伊那路散策・後編(長野県)2007年04月19日 00時53分44秒

桜と高遠城楼門
土曜日の雨天とは打って変わって晴れた日曜日。
朝から伊那市の東方の高遠へと出かけた。もちろん目的は高遠城跡の天下一と称される桜を見るためである。

高遠城は藤沢川と三峰川に挟まれた丘陵の上にある城であり、大河ドラマ風林火山でも武田の諏訪攻めに関わる重要人物として登場する高遠頼継の居城として登場する。自分が訪れた時は時間が早かったこともあって、町中の店は閉まっていて静かな雰囲気だったが、城跡に近づくにつれて行き交う車や人々で賑やかになってきた。

家臣が登城に使っていた自分坂を登り、大手門跡へと到着するとさっそく石垣を見ることができたが、説明板を見るとどうやら大手門の石垣は後世の人間によってかなり改変されているらしく、当時の位置や姿を留めているものは少ないという。大手門跡から少し進むと左手に三の丸跡が見えてくる。三の丸は西側が低くなっているため、郭内は弾状になっているが、大手門跡に近い西端には当時の楼門が残されている。ただ、説明を見たところ、この楼門は明治まで城内にあったらしいが、廃城後移築された際に改造されて小さくなってしまったそうである。この楼門を潜った先は桜が立ち並ぶ広場になっているが、残念ながらここの桜は3分咲き程度でまだ蕾が多い状態だった。段状の三の丸を登ると露店が立ち並んでおり、更に東側の上段は駐車場となっていた。

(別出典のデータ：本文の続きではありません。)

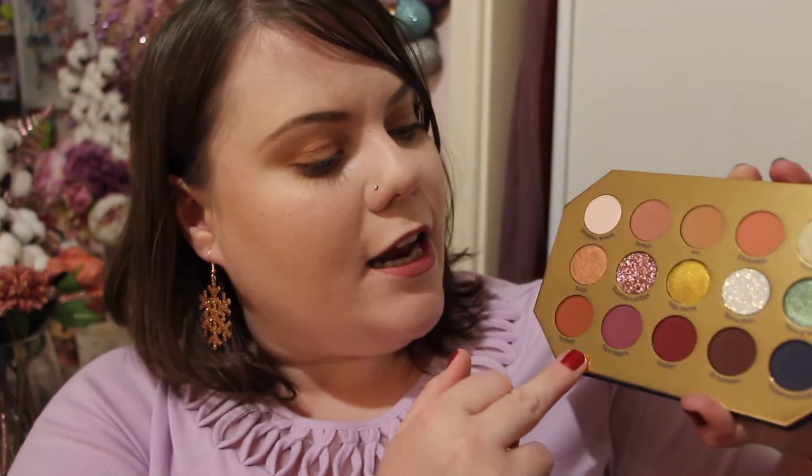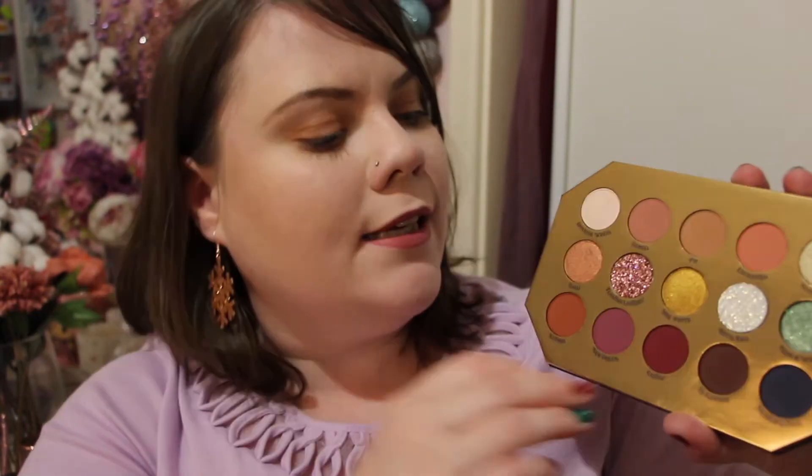Now for the two Disney palettes — Colourpop released their Disney Designer collection a while ago, and I've also been loving the blushes from that collection. This eyeshadow palette is amazing. I'm obsessed with the purple shade because it reminds me of Meg from Hercules, and I really love the green sage colour. You've got a beautiful arrangement of mattes, lovely transition shades, a few glitters, and some duochrome-ish shades, plus more mattes along the bottom. You can do a fun day look or a fun night look — I'm just obsessed with this palette. The packaging is absolutely stunning as well.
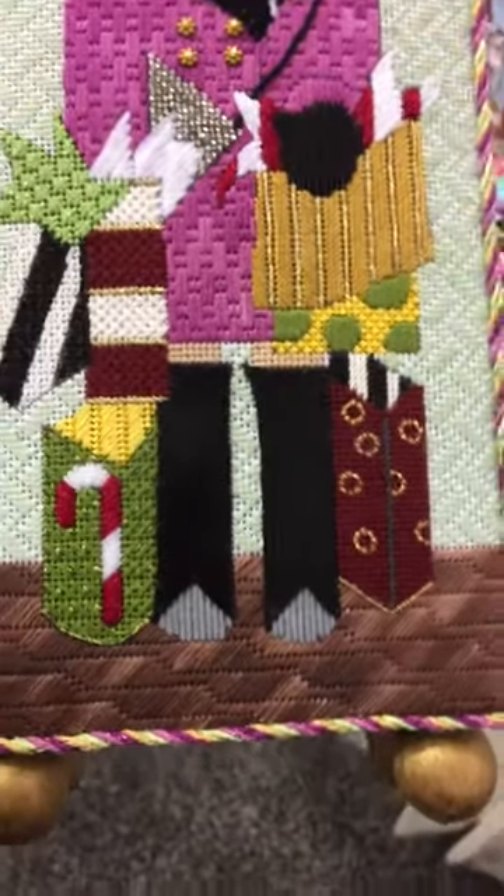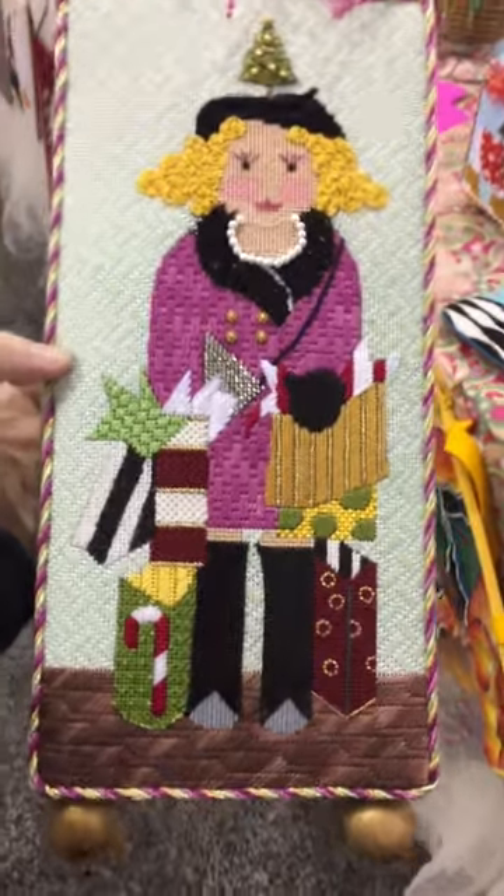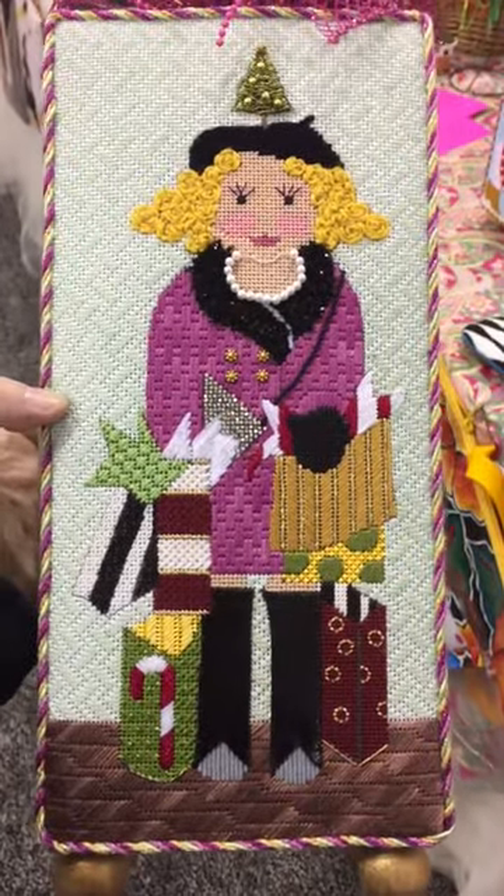It worked perfectly. It's beautiful — just a perfect way to add realism to this canvas and give it some interesting texture. It looks great and she looks great. Thank you. Oh, you are welcome.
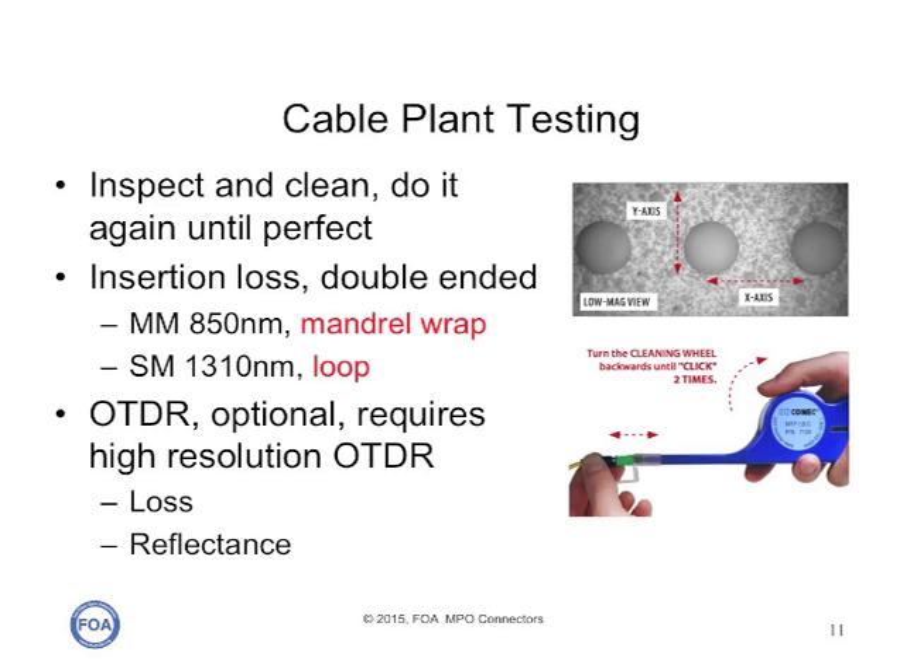The large ferrules of an MPO connector can attract a lot of dust and contamination. Dust on one side of the connector can affect the loss of the fibers on the other side because the ferrule is so big. You need a special microscope adapter to inspect them that requires you to scan across the ferrule, and you need special cleaning tools. If you're cleaning connectors with pins, you may have to use a cleaner that only cleans between the pins. But if you're very careful about cleaning them and keeping dust caps on them, they should be okay.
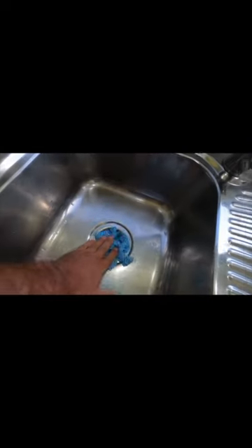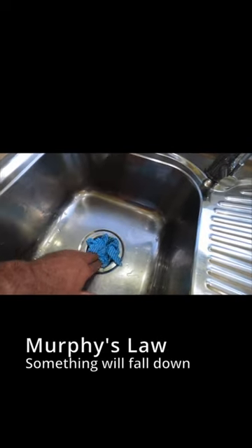Number one: turn your water off. Number two: it's probably smart to plug the sink hole. Number three: unscrew this little handle here for your tap.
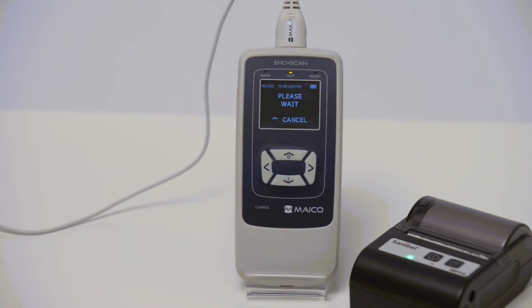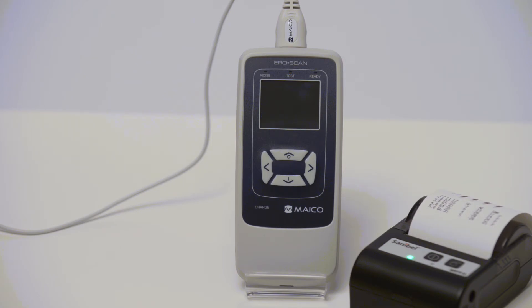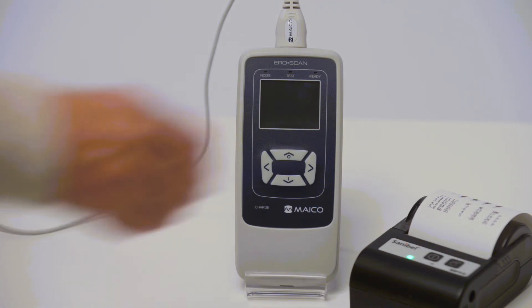Results can also be transferred to a computer using the included MAKO software. Once a print or transfer has been completed, the stored measurements will be cleared with the start of the next test.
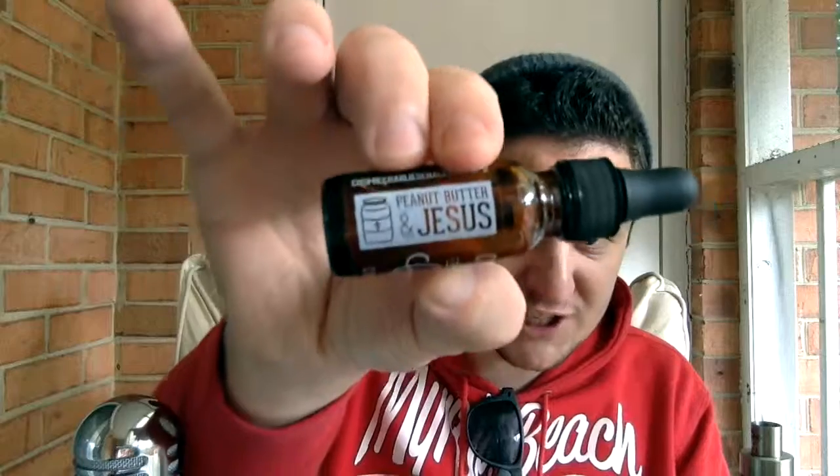It's not a juice I'm going to vape all day, but it's definitely two thumbs up. Like most of the Cosmic Charlie's lines that I review and try — one of my favorite lines. If you're looking for peanut butter and jelly, look no further than Cosmic Charlie's Peanut Butter and Jesus right there.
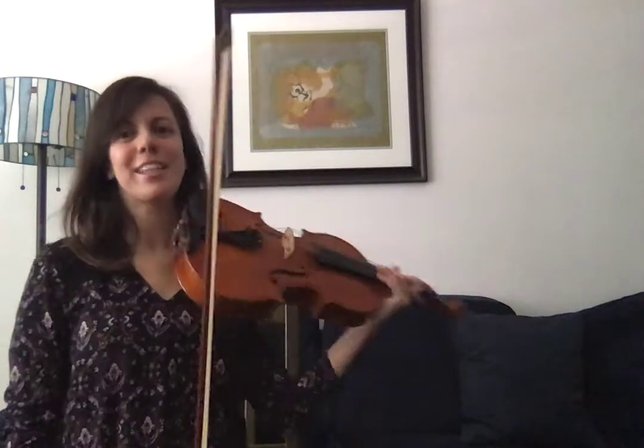Hi students! This video is to show you the viola. The viola is a string instrument and it's slightly larger than the violin. Since it's larger than the violin, the notes it plays are lower and this lower sound gives it a more mellow tone. The viola is held over the shoulder and it's played with a bow.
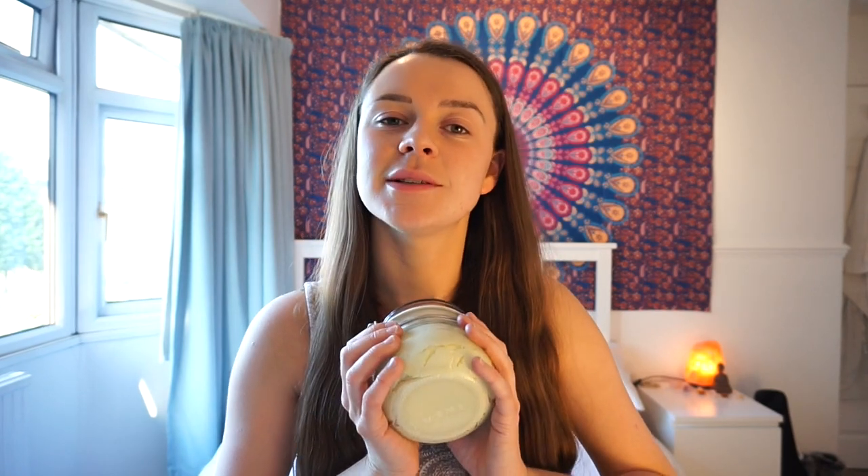My sister wants another jar because she's going to be doing my dreadlocks — I'm getting a whole head of dreads before I go away, which I'm really excited about. Anyway, I'm talking too long. Let's crack on with the video. If you want to see how I make this amazing body butter, please stay tuned and I'll take you through it step by step.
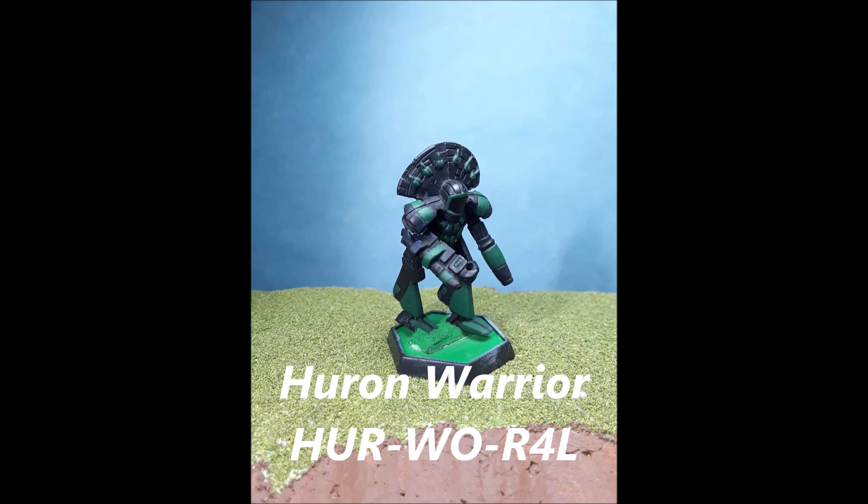Overall, is this a mech you would want to take into battle? Sure, you could take it to battle, but if you're a mercenary company and you got your hands on one through salvage — would you want to keep it? Or would you rather use a succession war modified Centurion or Enforcer in the same tonnage? My answer in the short term is probably no. I'd probably use the C-bills I get from selling it to get myself more equipment elsewhere. So that is it — that's the Huron Warrior in a nutshell.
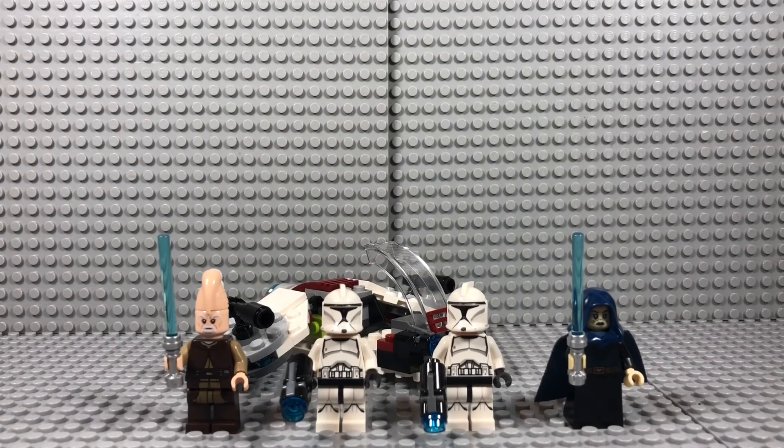All in all, I don't think this set is that great. The minifigures are nothing really special, the build is not good, and you only get 102 pieces for $15 — it doesn't feel like you get your money's worth. But you do get the updated Ki-Adi-Mundi, a couple more clones, and an updated Barriss. I'd probably rate this set a C+. I hope you guys enjoyed, and thanks for watching.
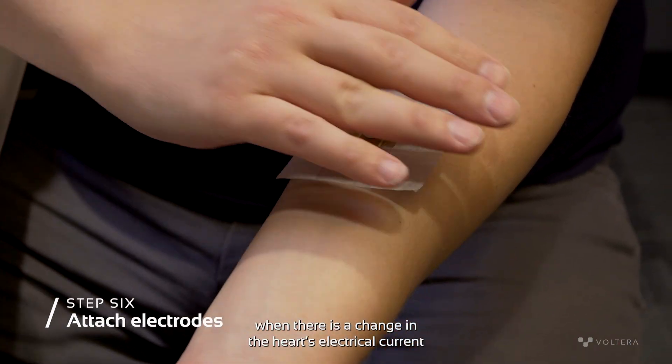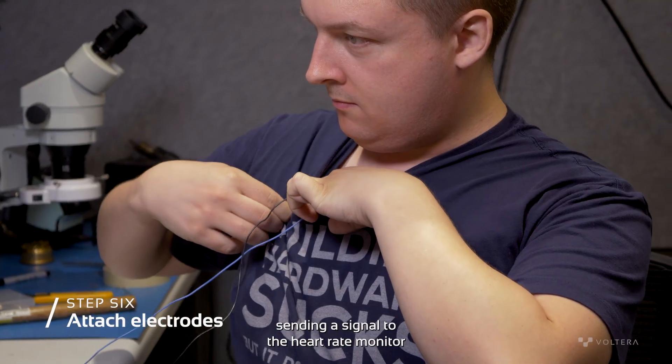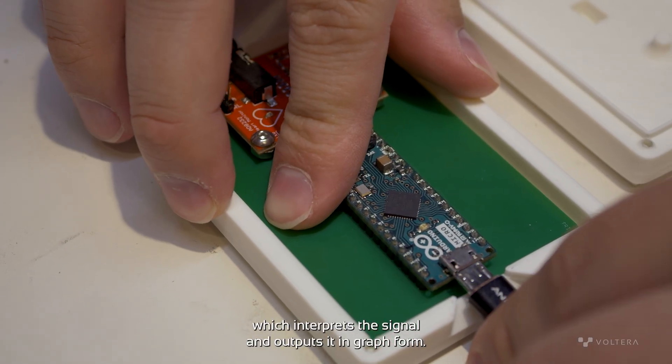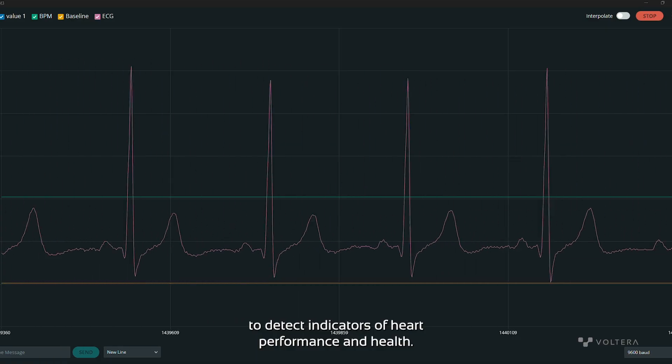The electrodes detect when there is a change in the heart's electrical current, sending a signal to the heart rate monitor, then to the Arduino Micro, which interprets the signal and outputs it in graph form. Medical professionals can then analyze the graph to detect indicators of heart performance and health.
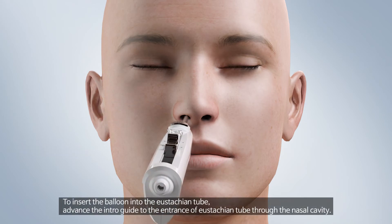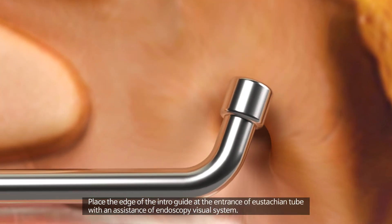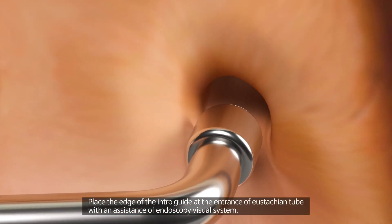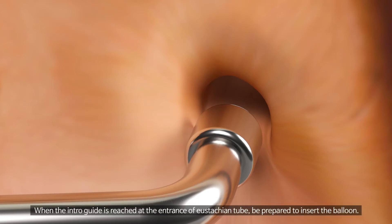To insert the balloon into the Eustachian tube, advance the intro guide to the entrance of the Eustachian tube through the nasal cavity. Place the edge of the intro guide at the entrance of the Eustachian tube with assistance of an endoscopy visual system. When the intro guide has reached the entrance of the Eustachian tube, be prepared to insert the balloon.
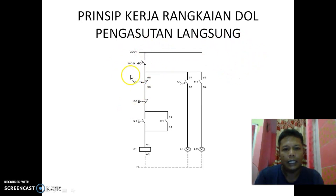Prinsip kerjanya: di sini kita lihat ada 220 volt dan netral, berarti ini adalah rangkaian kontrol yang menggunakan tegangan 1 fasa, 220 volt netral. Pada saat MCB ditekan atau di-on-kan, maka arus akan mengalir sampai di tombol ON.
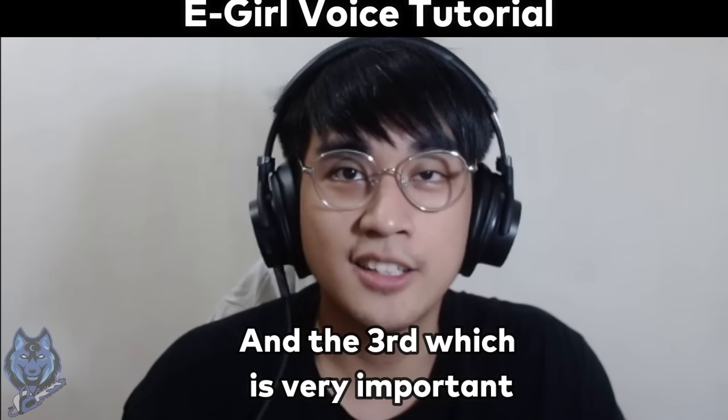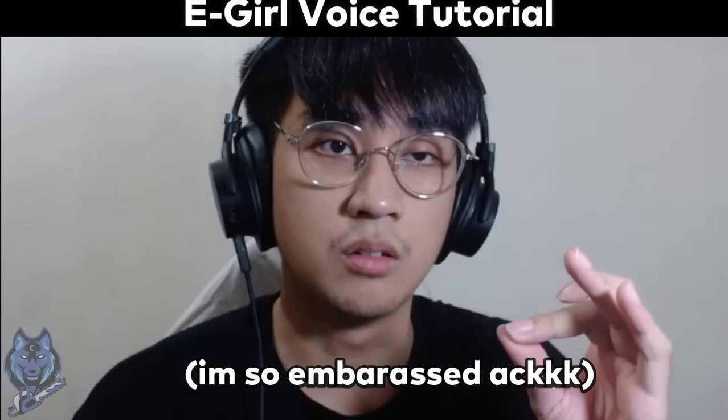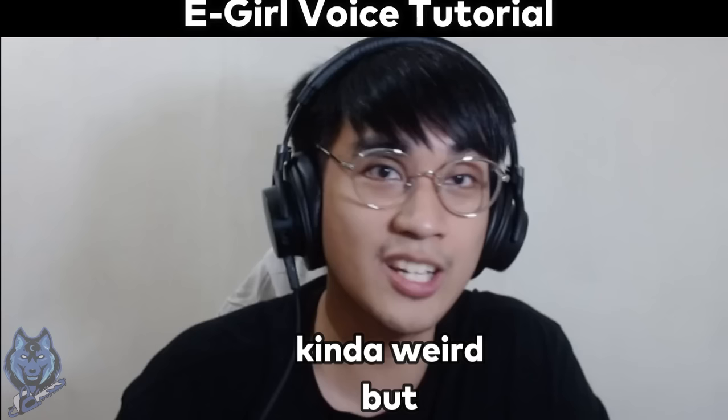And the third, which is very important, is to widen your vocal range. Definitely, would check si Nat. And he mentioned that you should do an exercise where your voice goes up and down. Kind of weird, but widening your vocal range could be a great help in doing the E-Girl voice or any voice.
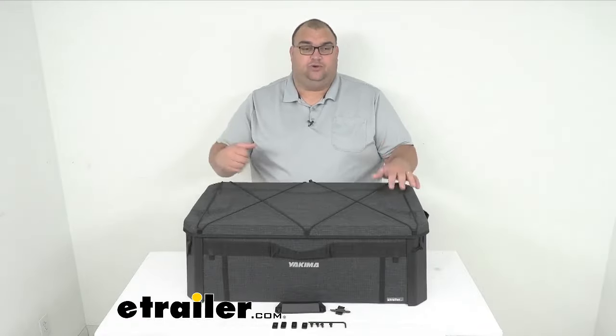Well folks, that's going to do it for our look today at this gear crate for your Yakima Mod storage system. I'm Steve with eTrailer.com. I hope this information has been helpful. Have fun out there while you're traveling — keep your gear stored safe.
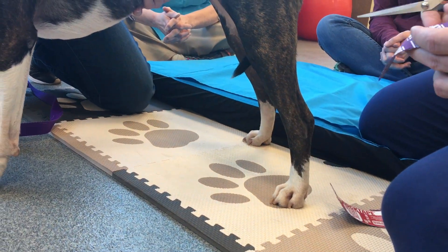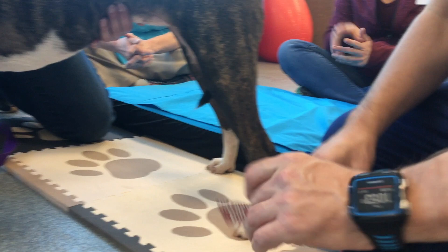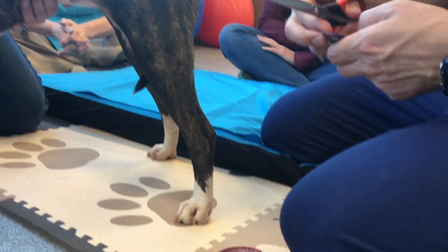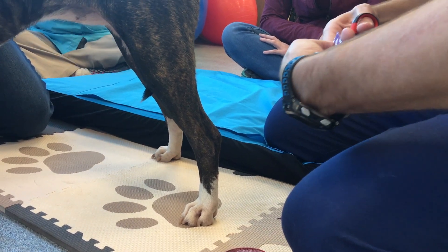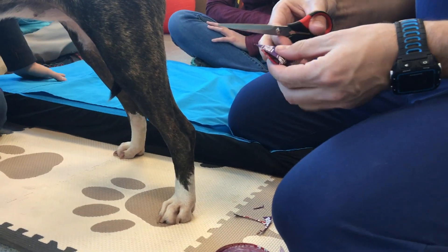I'm going to take that one. I'm then going to take 2 pieces of tape that I've already cut and round my edges. So I've got everything prepped ahead of time.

三の丸から南西側も車道を挟んで広い駐車場となっているが、城の縄張図を見る限り、ここは三の丸と二の丸の一部、そして勘助曲輪を丸ごと潰して削平して造られた場所であることがよくわかる。おかげで二の丸の断面がまるで切岸のようになっているのがなんとも痛々しい。その二の丸断面を登って二の丸へと入るが、二の丸も三の丸同様に西から東にかけて段状の郭になっているようである。二の丸もほぼ全域が桜の木で覆われているが、やはり蕾が目立つ3分~5分咲き程度で、訪れる時期が早かった感じが否めない。二の丸の北東隅には高遠閣と呼ばれる建物があり、城とは関連無いものの、昭和初期に造られた会館で今では文化財となっている。二の丸馬場と呼ばれていた東側の一帯には露店が立ち並び、花見客もここら辺でシートを広げたりして寛いでいた。

二の丸から橋を渡ると本丸で、この橋の部分が良く雑誌などに出てる場所であるが、桜の蕾が多いせいでイマイチ迫力が無い。そして、今までずっと高遠城の城門だと思っていた橋の部分の門が宿場の問屋町門を昭和の頃に城へ移築した物だと判ってちょっとショックを受けたり・・・。本丸内部の桜も蕾が多くて残念な感じだったが、古木に若木が巻きついて成長した桜の木が多く、その異様な光景はちょっと衝撃的だった。本丸の南側には明治に建てられた太鼓櫓があるが、中に太鼓は無く、今はちょっとした展望台扱いになっている。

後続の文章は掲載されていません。